Giving all American kids an equal opportunity to learn is the key to getting the country's education system on the right track, write Drs. William Schmidt and Curtis McKnight in their new book Inequality for All: The Challenge of Unequal Opportunity in American Schools. One of the biggest challenges facing the country's education system at the moment are the achievement gaps between students from high-income families and their less well-off peers. This discrepancy also translates to their schools, where rich communities can pitch in to make up the shortfall in funding plaguing all school districts, and therefore can provide for their children a better classroom environment.
The biggest factor that contributes to the growing achievement gap is the plague of low expectations. Children from minority or low-income backgrounds typically tackle curriculum that is less challenging, especially in the subjects of mathematics and English. That means that even if the students are prepared and eager to learn, they will not get the opportunities to tackle topics typically taught as a matter of course in schools in more affluent districts. Even if the schools have a mixed student body, serving a large percentage of both poor and rich students, typically it is the minority and low-income students who end up the victims of "tracking," which the authors describe as practice of assigning students on weaker classrooms. As the students progress from grade to grade, in these tracked sections, they inevitably fall more and more behind kids on their grade who are routinely exposed to more rigorous content.

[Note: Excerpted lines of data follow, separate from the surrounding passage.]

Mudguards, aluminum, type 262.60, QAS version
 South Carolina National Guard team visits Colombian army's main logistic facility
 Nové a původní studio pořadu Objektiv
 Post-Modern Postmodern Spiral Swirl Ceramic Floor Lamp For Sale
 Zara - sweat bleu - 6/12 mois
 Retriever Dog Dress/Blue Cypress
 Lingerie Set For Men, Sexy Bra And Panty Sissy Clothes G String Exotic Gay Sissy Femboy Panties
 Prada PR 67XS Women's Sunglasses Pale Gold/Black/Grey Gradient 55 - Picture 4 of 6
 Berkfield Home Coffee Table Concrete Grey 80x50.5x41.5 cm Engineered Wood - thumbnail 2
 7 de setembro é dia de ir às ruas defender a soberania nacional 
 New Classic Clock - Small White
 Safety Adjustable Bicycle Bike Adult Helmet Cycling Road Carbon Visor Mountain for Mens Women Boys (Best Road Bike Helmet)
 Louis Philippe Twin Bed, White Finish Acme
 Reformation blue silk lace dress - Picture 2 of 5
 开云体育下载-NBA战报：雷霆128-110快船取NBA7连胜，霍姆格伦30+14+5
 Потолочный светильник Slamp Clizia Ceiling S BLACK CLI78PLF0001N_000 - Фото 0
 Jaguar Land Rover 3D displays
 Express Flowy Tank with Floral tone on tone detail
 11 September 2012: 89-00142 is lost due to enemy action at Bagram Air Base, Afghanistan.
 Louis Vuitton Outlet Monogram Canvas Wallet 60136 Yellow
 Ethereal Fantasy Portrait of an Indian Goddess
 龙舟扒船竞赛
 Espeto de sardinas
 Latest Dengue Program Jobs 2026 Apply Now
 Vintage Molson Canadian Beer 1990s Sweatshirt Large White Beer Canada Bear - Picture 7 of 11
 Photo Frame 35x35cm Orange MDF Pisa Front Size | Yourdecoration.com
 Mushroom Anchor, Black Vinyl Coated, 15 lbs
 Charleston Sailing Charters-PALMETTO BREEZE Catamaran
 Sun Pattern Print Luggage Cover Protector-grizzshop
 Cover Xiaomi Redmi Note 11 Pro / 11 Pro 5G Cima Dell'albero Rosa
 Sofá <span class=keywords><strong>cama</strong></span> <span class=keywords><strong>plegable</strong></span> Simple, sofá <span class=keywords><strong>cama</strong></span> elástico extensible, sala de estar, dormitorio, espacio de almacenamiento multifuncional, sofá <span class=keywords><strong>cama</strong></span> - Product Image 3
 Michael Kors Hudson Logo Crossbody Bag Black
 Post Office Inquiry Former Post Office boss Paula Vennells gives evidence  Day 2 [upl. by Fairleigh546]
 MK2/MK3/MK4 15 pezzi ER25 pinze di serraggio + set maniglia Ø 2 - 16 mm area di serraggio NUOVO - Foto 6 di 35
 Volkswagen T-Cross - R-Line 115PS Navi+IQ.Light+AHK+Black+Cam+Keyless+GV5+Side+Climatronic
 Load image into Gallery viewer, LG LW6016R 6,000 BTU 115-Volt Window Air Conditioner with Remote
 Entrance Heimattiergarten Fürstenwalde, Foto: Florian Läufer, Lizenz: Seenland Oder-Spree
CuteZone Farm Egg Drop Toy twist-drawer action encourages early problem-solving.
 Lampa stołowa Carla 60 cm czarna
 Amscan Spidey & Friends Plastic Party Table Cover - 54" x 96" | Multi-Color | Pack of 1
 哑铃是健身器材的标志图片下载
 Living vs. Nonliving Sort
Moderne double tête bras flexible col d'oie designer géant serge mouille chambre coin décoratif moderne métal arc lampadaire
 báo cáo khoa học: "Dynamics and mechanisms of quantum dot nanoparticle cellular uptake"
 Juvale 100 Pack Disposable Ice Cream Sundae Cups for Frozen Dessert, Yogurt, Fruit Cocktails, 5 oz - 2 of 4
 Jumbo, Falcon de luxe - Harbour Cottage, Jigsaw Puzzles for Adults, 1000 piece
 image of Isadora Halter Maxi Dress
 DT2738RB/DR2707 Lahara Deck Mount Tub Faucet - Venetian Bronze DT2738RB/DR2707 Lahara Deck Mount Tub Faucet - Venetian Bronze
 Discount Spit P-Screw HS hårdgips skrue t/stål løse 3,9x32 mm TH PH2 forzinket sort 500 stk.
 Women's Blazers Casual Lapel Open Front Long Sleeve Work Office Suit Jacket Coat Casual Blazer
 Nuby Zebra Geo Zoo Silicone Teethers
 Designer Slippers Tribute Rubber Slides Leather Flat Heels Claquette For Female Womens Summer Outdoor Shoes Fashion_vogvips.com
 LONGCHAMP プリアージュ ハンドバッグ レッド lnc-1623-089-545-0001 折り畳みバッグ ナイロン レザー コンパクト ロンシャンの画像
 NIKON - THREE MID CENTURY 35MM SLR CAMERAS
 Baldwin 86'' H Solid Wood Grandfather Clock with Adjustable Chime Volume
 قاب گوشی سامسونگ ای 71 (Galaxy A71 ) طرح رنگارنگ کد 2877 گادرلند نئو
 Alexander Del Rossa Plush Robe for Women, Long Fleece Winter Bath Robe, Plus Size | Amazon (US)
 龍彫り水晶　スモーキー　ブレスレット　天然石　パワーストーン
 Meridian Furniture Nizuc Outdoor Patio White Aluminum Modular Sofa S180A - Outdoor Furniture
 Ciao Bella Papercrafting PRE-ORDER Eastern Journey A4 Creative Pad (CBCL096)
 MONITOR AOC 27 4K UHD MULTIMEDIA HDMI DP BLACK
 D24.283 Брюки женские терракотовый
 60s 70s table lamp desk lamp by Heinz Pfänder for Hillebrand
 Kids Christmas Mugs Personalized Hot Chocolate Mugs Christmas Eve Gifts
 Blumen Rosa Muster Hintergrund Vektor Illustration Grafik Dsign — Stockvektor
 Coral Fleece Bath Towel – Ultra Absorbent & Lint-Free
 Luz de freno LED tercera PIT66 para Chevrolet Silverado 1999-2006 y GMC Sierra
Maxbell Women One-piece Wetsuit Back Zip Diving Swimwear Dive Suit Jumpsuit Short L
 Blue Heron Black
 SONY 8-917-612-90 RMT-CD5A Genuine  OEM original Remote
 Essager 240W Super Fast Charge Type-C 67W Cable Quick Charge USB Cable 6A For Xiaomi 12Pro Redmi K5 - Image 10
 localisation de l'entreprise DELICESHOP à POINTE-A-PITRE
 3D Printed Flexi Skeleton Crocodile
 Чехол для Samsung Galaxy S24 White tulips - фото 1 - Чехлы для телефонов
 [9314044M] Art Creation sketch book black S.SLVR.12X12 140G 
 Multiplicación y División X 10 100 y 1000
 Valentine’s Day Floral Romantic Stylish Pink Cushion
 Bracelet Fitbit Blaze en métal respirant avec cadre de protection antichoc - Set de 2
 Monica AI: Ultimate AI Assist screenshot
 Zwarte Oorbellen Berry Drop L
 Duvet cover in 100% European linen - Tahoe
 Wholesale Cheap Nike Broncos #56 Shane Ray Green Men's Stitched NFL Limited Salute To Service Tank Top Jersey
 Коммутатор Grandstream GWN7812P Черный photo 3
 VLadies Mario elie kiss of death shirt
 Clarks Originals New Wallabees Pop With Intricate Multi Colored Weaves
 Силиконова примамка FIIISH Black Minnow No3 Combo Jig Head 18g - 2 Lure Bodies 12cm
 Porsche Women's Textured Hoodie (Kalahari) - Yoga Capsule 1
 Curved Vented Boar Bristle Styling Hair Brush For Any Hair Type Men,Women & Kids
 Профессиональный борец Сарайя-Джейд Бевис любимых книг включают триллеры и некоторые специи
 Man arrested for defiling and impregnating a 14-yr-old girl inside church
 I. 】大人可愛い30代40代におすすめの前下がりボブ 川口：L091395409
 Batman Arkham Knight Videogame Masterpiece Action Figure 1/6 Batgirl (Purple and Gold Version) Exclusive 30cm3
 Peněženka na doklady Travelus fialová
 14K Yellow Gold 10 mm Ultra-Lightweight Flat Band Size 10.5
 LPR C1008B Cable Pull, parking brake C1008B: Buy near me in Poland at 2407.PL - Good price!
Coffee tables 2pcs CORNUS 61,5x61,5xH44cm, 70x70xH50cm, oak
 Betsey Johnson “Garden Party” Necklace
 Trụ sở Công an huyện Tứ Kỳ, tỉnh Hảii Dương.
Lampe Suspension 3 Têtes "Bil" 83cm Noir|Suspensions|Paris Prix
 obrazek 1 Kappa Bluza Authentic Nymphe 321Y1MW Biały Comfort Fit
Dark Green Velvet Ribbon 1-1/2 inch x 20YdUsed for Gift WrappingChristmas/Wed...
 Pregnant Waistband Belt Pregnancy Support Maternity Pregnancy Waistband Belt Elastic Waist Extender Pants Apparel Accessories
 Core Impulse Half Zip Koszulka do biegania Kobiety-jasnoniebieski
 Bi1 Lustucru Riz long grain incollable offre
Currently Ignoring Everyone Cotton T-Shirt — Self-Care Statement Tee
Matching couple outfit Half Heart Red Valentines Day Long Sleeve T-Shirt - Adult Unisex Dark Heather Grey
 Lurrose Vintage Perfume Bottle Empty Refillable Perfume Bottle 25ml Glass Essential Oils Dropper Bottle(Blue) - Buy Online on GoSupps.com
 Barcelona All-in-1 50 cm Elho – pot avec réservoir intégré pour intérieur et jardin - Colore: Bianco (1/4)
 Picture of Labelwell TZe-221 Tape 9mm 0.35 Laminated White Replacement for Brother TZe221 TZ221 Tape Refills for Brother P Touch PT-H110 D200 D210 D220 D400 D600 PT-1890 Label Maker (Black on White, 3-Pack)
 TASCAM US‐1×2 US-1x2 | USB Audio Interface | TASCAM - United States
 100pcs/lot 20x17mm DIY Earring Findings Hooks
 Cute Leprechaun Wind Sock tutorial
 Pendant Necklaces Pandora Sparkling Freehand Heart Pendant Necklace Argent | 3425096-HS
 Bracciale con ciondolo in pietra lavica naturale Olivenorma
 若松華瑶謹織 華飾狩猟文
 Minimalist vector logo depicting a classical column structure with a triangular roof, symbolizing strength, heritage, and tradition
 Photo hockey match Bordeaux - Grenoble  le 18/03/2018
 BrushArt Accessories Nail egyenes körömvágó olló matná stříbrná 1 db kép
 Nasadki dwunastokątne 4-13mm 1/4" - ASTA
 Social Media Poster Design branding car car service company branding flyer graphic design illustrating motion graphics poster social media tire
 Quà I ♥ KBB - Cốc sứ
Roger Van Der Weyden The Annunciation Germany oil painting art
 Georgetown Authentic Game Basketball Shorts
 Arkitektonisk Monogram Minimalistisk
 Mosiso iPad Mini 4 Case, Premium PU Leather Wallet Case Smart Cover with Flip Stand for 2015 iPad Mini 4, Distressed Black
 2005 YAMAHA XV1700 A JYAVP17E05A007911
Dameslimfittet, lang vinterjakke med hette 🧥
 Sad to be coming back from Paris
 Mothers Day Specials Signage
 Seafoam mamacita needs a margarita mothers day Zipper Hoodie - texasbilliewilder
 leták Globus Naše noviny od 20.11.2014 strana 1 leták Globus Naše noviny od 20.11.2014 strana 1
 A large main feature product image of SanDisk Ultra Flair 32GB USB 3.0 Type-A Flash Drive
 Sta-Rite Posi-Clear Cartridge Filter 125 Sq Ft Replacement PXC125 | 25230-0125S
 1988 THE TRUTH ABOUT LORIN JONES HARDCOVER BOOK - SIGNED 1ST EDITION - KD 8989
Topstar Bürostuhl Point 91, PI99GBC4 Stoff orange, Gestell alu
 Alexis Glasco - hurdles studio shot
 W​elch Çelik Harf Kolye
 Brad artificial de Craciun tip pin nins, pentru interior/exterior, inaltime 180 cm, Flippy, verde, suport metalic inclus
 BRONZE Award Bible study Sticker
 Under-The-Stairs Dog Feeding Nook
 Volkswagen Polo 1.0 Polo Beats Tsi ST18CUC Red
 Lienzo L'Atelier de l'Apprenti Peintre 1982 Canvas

The importance of differences in instruction among classrooms underscores the essential role of teachers. Schmidt and McKnight are quick to note that it is unfair to simply blame teachers for struggling schools. They present strong evidence that too many teachers are inadequately prepared to teach mathematics and are forced to pick and choose what to teach from the conflicting guidance of textbooks, state standards and assessments. The authors are especially critical of the most commonly used mathematics textbooks. Many of these give shallow coverage to too many subjects rather than focusing on a few key topics at each grade, as is done in higher-achieving countries.
The solution to this issue could come in the form of the controversial Common Core Standards, the curriculum developed by academic experts and education representatives from all over the country. States that choose to adopt standards that conform with CCS will be able to lay down minimum standards for their schools rigorous enough that even students who don't do any advanced work will, at least, be exposed to concepts that would make them competitive after graduation.